Slotkin Rebecca, Kyriakides Tassos C, Yu Vinni, Chen Xien, Kundu Anupam, Gupta Shaili
Department of Medicine, Yale School of Medicine, 950 Campbell Ave, Bldg 1, Floor 5, West Haven, CT, 06516, United States, 1 2038005320.
Cooperative Studies Program Coordinating Center, VA CT Healthcare System, West Haven, CT, 06516, United States.
JMIR Form Res. 2025 Apr 22;9:e59467. doi: 10.2196/59467.
This study illustrates the development of a simple web-based application, which demonstrates the relationship between serum anti-SARS-CoV-2 S1/receptor-binding domain immunoglobulin G (IgG) and anti-SARS-CoV-2 neutralizing antibody (nAb) half-maximal inhibitory concentration (IC50) titers in a vaccinated US adult population and compares them to prior data on nAb titers at different time points after vaccination.
The objective of this study is to create an easily accessible calculator that uses the results of commercially available anti-SARS-CoV-2 serum IgG to approximate the underlying ability to neutralize SARS-CoV-2.
Our web-based application leveraged two previously published datasets. One dataset demonstrated a robust correlation between nAb and serum IgG. The other dataset measured nAb titers at specific time periods over a year-long interval following a messenger RNA vaccination primary series and booster vaccine dose. Clinical factors that were statistically significant on a forward linear regression model examining the prediction of nAb from serum IgG were incorporated in the application tool.
By combining the datasets described above, we developed a publicly available web-based application that allows users to enter a serum IgG value and determine their estimated nAb titer. The application contextualizes the estimated nAb titer with the theoretical distance from the corresponding vaccine-mediated antibody protection. Using the clinical variables that had a significant impact on how well IgG values predict nAb titers, this application allows for a patient-centered, nAb titer prediction.

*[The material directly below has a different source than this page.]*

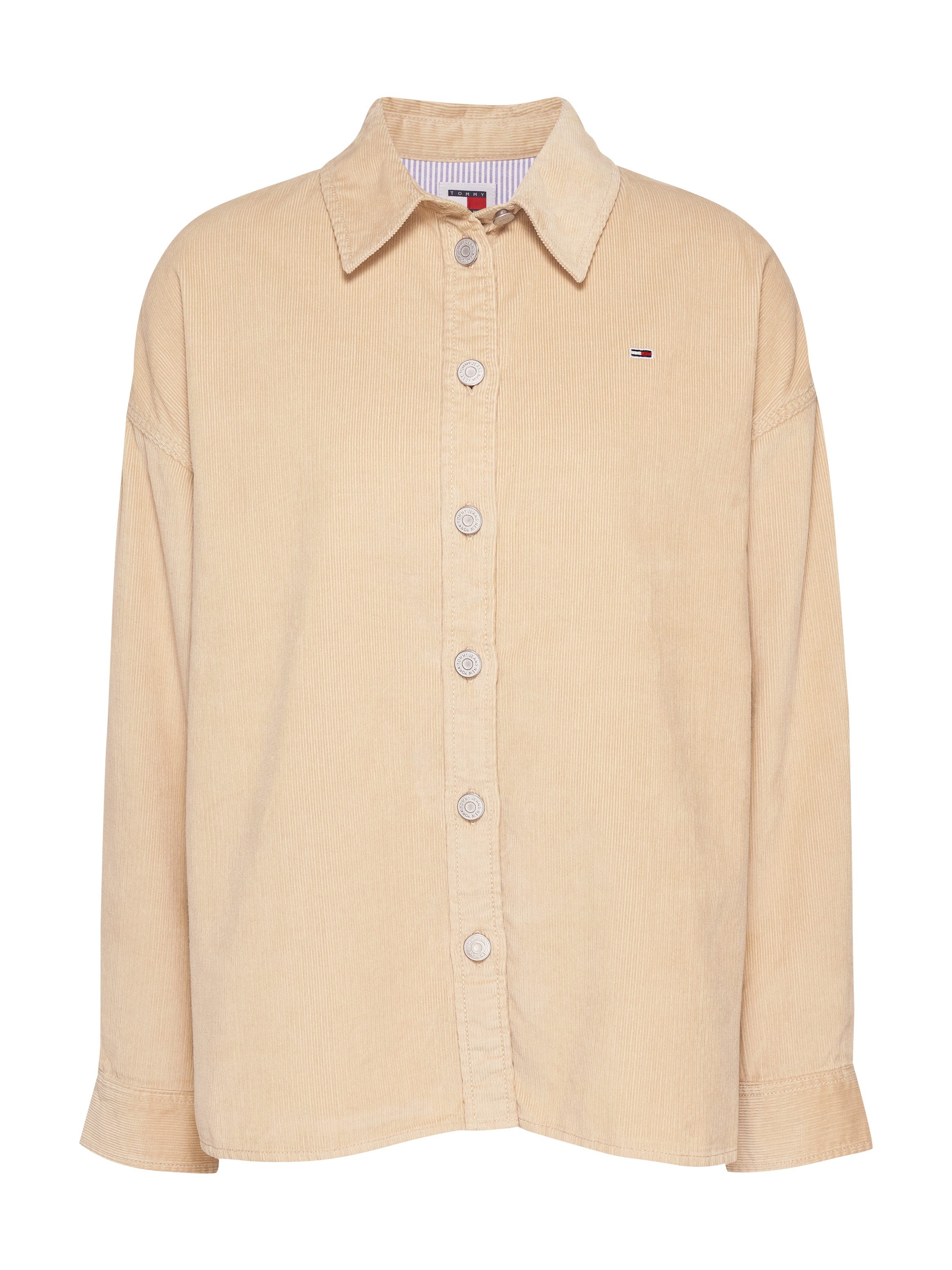 TOMMY JEANS Outdoorblouse TJW FINE CORD OVERSHIRT van fijn corduroy, logo-vlag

This application offers an example of how we might bring the advances made in scientific research on protective antibodies post-SARS-CoV-2 vaccination into the clinical sphere with practical tools.
本研究阐述了一个简单的基于网络的应用程序的开发过程,该程序展示了美国成年接种人群中血清抗SARS-CoV-2 S1/受体结合域免疫球蛋白G(IgG)与抗SARS-CoV-2中和抗体(nAb)半数最大抑制浓度(IC50)滴度之间的关系,并将其与接种疫苗后不同时间点的nAb滴度先前数据进行比较。
本研究的目的是创建一个易于使用的计算器,利用市售抗SARS-CoV-2血清IgG的结果来近似中和SARS-CoV-2的潜在能力。
我们基于网络的应用程序利用了两个先前发表的数据集。一个数据集显示了nAb与血清IgG之间的强相关性。另一个数据集在信使核糖核酸疫苗初免系列和加强疫苗接种后的一年时间间隔内的特定时间段测量了nAb滴度。在研究从血清IgG预测nAb的正向线性回归模型上具有统计学意义的临床因素被纳入应用工具中。
通过合并上述数据集,我们开发了一个公开可用的基于网络的应用程序,允许用户输入血清IgG值并确定其估计的nAb滴度。该应用程序将估计的nAb滴度与来自相应疫苗介导的抗体保护的理论距离相关联。利用对IgG值预测nAb滴度的效果有显著影响的临床变量,此应用程序实现了以患者为中心的nAb滴度预测。
本应用程序提供了一个示例,展示了我们如何利用实用工具将SARS-CoV-2疫苗接种后保护性抗体科学研究取得的进展引入临床领域。